329: Kidou Keisatsu Patlabor: 98-Shiki Kidou Seyo!

No Caption Provided
  • Developer: Ma-Ba
  • Publisher: Ma-Ba
  • JP Release: 1992-10-23
  • NA Release: N/A
  • EU Release: N/A
  • Franchise: Patlabor
  • Genre: RPG
  • Theme: Cops in Mech Suits, What Could Go Wrong?
  • Premise: Popular manga/anime Mobile Police Patlabor comes to the Mega Drive in this RPG from a Bandai subsidiary.
  • Availability: Original cart only. Outside of the '90s, the only place you're going to see Patlabor are in the Super Robot Wars crossovers.
  • Preservation: The mech games keep coming with this Patlabor tie-in RPG, apparently developed and published by the toyline's producers Ma-Ba (the result of a brief fusion dance by major US and Japanese toymakers Mattel and Bandai, originally established to sell Barbie dolls in Japan).
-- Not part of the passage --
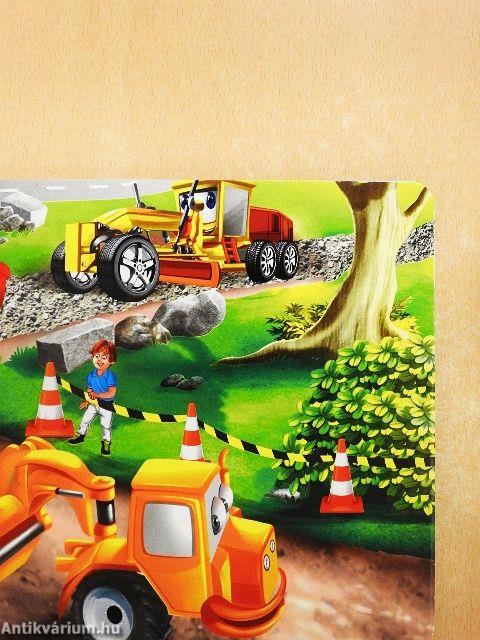 Munkában az útépítők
Patlabor the manga/anime was about a near-future police division that used mech suits called labors to combat labor-related crimes, which were typically only used for industrial and construction work (hence "labor") and military purposes. I remember it was always a big deal in the show when a bad guy showed up in a sleek military labor that the heroes had little chance taking on face to face. Ma-Ba's an interesting anomaly we'll see with a handful more anime licensed games; it's weird, but I don't remember encountering Ma-Ba once while working on NES, SNES, or PC Engine pages despite a heavy Bandai presence on all three.

330: Chase H.Q. II

No Caption Provided
  • Developer: ITL
  • Publisher: Taito
  • JP Release: 1992-10-23
  • NA Release: February 1993
  • EU Release: N/A
  • Franchise: Chase H.Q.
  • Genre: Driving / Vehicular Combat
  • Theme: *KZZT* This is Nancy at Chase H.Q.. We've Got an Emergency Here!
  • Premise: What is the third game in the series, but is actually still just the first, Chase H.Q. II has a familiar batch of criminal scum to T-bone on a busy highway.
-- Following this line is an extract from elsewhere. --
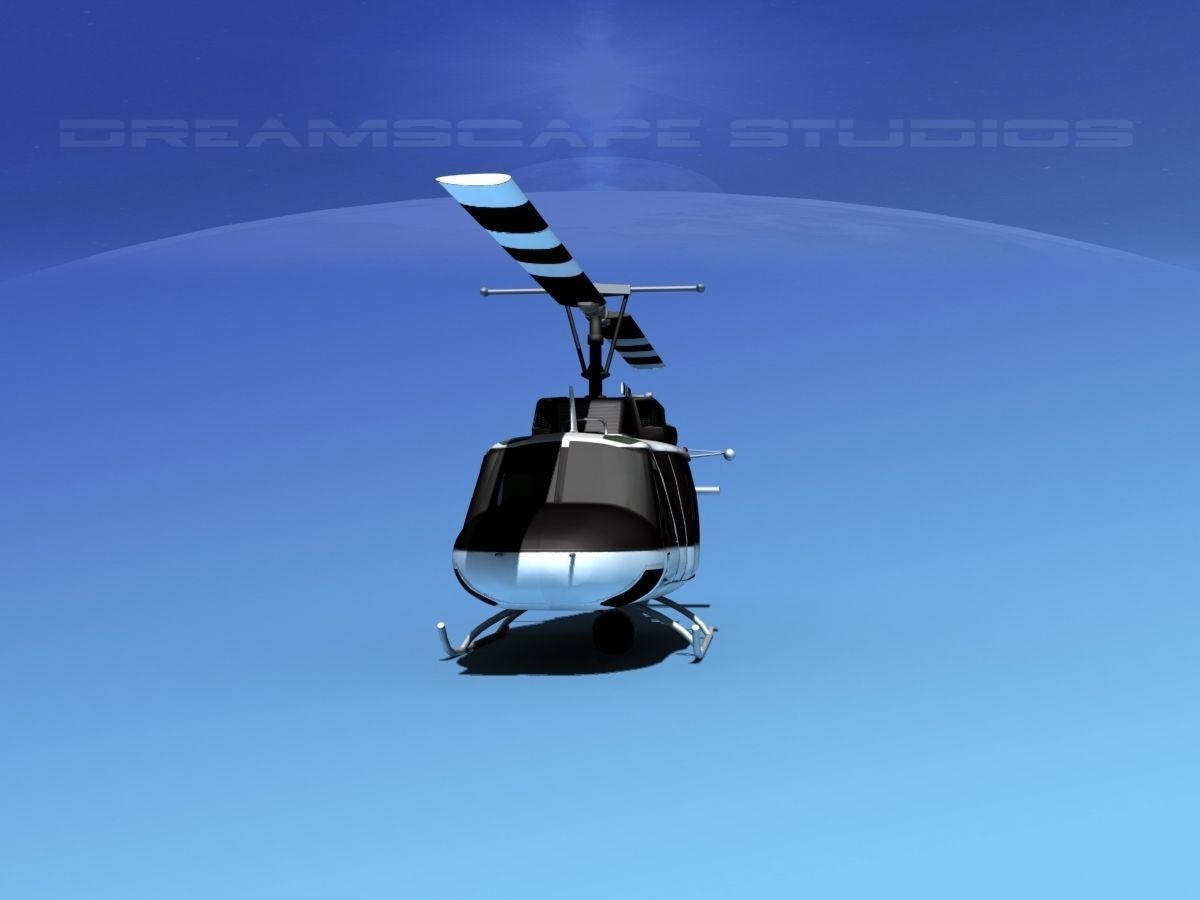 Bell 212 FBI 3D model_2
  • Availability: This "sequel" is Genesis cart only. If you want to drive into other cars at high speeds though, may I recommend the Burnout franchise?
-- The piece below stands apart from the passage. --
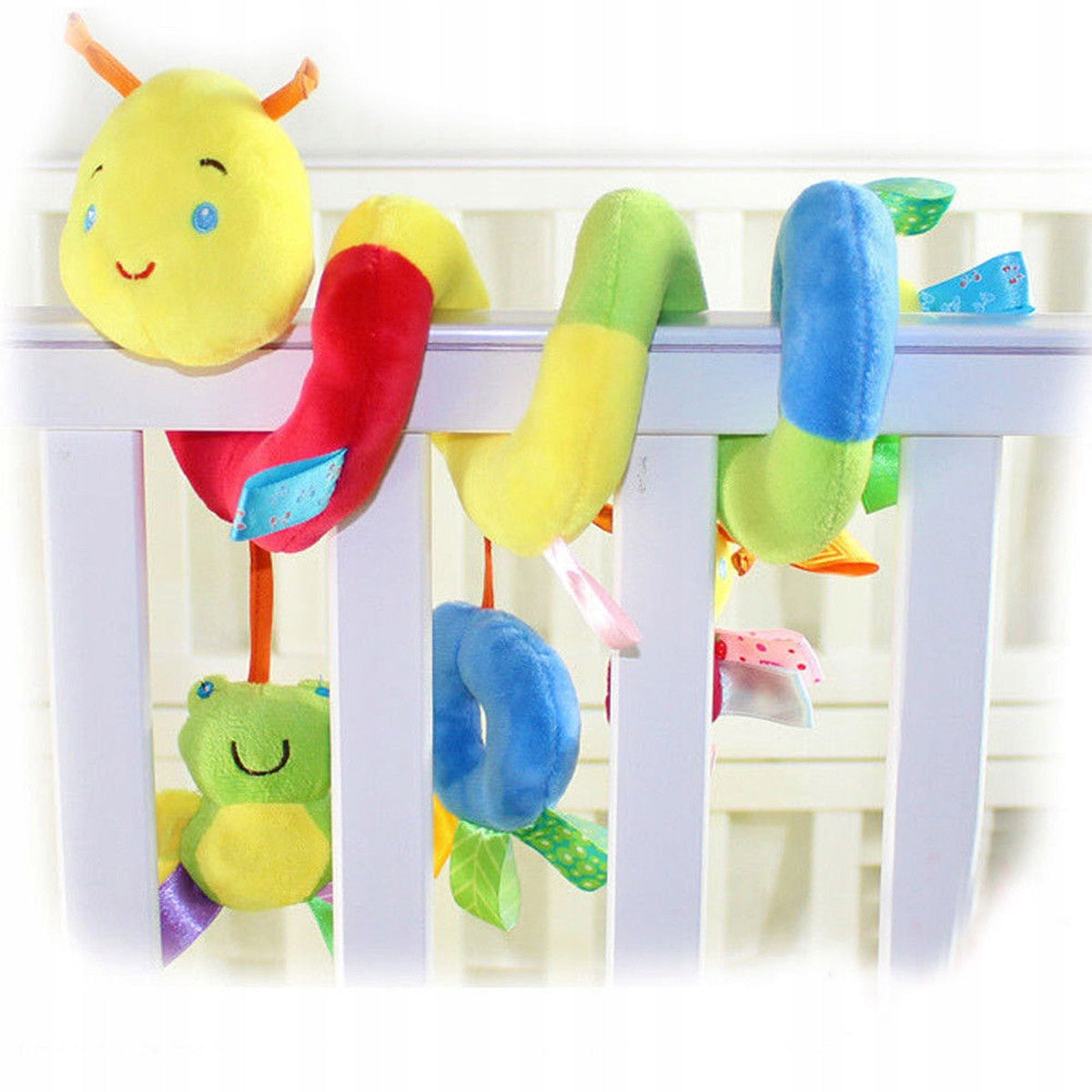 SPIRAL TOY FOR BABY ON STROLLER CRIB SEAT WITH BELL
  • Preservation: So yeah, this is once again the marketing geniuses working at early '90s Sega adding a "2" to every arcade conversion as if to say, "hey, this is more than just a home port with a few extra bells and whistles, it's a whole new game!" Why they couldn't just put "Mega" in front of everything like Nintendo was doing with its "Super" SNES ports I'll never know. This is really just original-flavor Chase H.Q. with the new feature of being able to choose between a number of vehicles, each with different settings of top speed and damage per hit. What's confusing, at least for wiki purposes, is that there are two other "Chase H.Q. II"s: the actual second game Chase H.Q. II: Special Criminal Investigation (maybe best known for having your partner shoot at dudes from the sunroof) and the arcade sequel Chase H.Q. II which appeared way later in 2007. I still gave it a new page on our wiki, but Taito's not making it easy for us data nerds.